Quaderni di psicologia

Padri, madri, genitori, figli e ancora mariti, mogli, amanti..., la lista è lunga!

E’ interessante vedere come gli uomini si siano crudelmente ingabbiati in ruoli rigidi e istituzionali per soddisfare l’innata sete di appartenenza e il riconoscimento di quel perbenismo che apre le porte di una società ipocrita e povera di giusti apprendimenti.

Dimentichiamo di essere persone, esseri umani, agglomerati di energia che va continuamente e costantemente nutrita e scambiata.

Immettere idee nuove e corrette per migliorare la propria identità ed esplicitare, in modo utile e sano, il rapporto individuale e collettivo con il giusto tempo e i giusti modi; allora, la società, quindi il gruppo, ha un senso e i ruoli un significato vero e profondo, simbolo di riconoscimento per se stessi e gli altri.

La consapevolezza di sé e del proprio sviluppo rende proficua la funzione che ricopriamo e gestiamo, la conoscenza ne migliora la qualità rendendogli dignità. Sono sempre i singoli che fanno la differenza, è il loro uso degli strumenti intelligenza e volontà che cambia le carte in tavola tirando fuori l’asso quando la partita sembra irrimediabilmente persa.

Perché? Cosa è e da dove viene questa capacità?

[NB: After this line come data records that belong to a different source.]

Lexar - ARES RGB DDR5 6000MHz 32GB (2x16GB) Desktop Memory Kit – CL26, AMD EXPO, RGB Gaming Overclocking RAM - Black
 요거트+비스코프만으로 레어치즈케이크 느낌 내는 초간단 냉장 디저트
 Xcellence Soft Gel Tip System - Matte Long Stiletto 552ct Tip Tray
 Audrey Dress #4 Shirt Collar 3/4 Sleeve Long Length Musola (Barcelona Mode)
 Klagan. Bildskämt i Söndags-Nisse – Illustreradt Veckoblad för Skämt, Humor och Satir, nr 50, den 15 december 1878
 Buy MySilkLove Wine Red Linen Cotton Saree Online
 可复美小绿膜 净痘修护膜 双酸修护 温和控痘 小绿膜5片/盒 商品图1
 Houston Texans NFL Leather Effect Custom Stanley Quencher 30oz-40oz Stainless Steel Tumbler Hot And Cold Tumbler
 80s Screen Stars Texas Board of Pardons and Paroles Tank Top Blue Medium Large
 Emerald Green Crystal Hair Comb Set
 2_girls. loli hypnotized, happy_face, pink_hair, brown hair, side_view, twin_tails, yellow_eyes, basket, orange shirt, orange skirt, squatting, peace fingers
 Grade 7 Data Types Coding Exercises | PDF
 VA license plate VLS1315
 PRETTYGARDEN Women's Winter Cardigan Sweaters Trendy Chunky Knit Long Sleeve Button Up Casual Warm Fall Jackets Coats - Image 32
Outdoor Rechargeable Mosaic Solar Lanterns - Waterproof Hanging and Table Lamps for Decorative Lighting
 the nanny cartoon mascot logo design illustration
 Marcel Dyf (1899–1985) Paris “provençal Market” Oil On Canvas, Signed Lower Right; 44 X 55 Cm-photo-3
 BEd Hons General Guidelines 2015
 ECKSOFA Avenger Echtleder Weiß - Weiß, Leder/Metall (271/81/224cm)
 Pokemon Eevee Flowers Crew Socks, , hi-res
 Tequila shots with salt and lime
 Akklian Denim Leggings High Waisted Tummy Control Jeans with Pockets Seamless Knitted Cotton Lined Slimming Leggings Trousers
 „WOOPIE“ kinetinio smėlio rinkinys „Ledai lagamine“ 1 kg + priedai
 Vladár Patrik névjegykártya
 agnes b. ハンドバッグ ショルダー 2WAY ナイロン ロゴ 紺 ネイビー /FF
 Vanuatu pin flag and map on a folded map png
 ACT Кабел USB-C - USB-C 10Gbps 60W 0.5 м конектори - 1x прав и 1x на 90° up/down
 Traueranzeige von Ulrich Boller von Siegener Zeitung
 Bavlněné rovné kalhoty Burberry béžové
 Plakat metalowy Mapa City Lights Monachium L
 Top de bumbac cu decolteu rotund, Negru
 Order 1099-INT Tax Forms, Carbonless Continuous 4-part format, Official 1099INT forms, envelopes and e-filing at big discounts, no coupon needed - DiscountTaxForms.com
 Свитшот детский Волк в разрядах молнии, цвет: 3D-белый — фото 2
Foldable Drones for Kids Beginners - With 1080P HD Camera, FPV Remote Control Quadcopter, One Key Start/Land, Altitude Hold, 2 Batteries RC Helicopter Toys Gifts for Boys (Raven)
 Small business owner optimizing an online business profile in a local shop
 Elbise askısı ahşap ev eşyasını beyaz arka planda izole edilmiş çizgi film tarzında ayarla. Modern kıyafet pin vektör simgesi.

Il percorso che ogni singolo individuo fa e deve fare per migliorarsi, per contribuire in modo utile allo sviluppo di sé e della società in cui vive è diverso e per questo unico.

Il nostro equilibrio psicofisico tradito, maltrattato, frustrato rivendica rispetto e attenzione, urla la possibilità di mostrare la sua capacità, reale e tangibile, di garantire una vita serena e soddisfacente dove il traffico di emozioni e difficoltà viene, con maestria, regolato da un’elegante ed efficiente neutrergia.

Sì, elegante, perché rende i nostri comportamenti e atteggiamenti gentili, ma sicuri; delicati, ma decisi; forti di pensieri riconosciuti dalla logica e quindi giusti.

Non è il ruolo, dunque, riconoscimento del diritto di definizione del nostro operato, bensì l’alibi a rimanere intrappolati tra fragili sbarre ricoperte d’oro, oro vecchio quanto il mondo, ma sempre luccicante, irresistibile attrazione per vittime di apprendimenti sbagliati, pigri e impauriti dalla vita.

Se da soli non sappiamo o non riusciamo a capire e migliorare cerchiamo aiuto; rinunciare significa garantirsi un futuro di frustrazioni, rimpianti, di fasi transitorie faticose e dolorose, l’illusione di vivere.

Nel momento in cui qualcuno ci offre la sua corretta conoscenza (magari coadiuvata da umanità e disponibilità) non possiamo rifiutare, se l’opportunità è quella di essere e non esistere, di svegliarsi al mattino finalmente felici e consapevoli di iniziare un nuovo giorno, un nuovo percorso di conoscenza!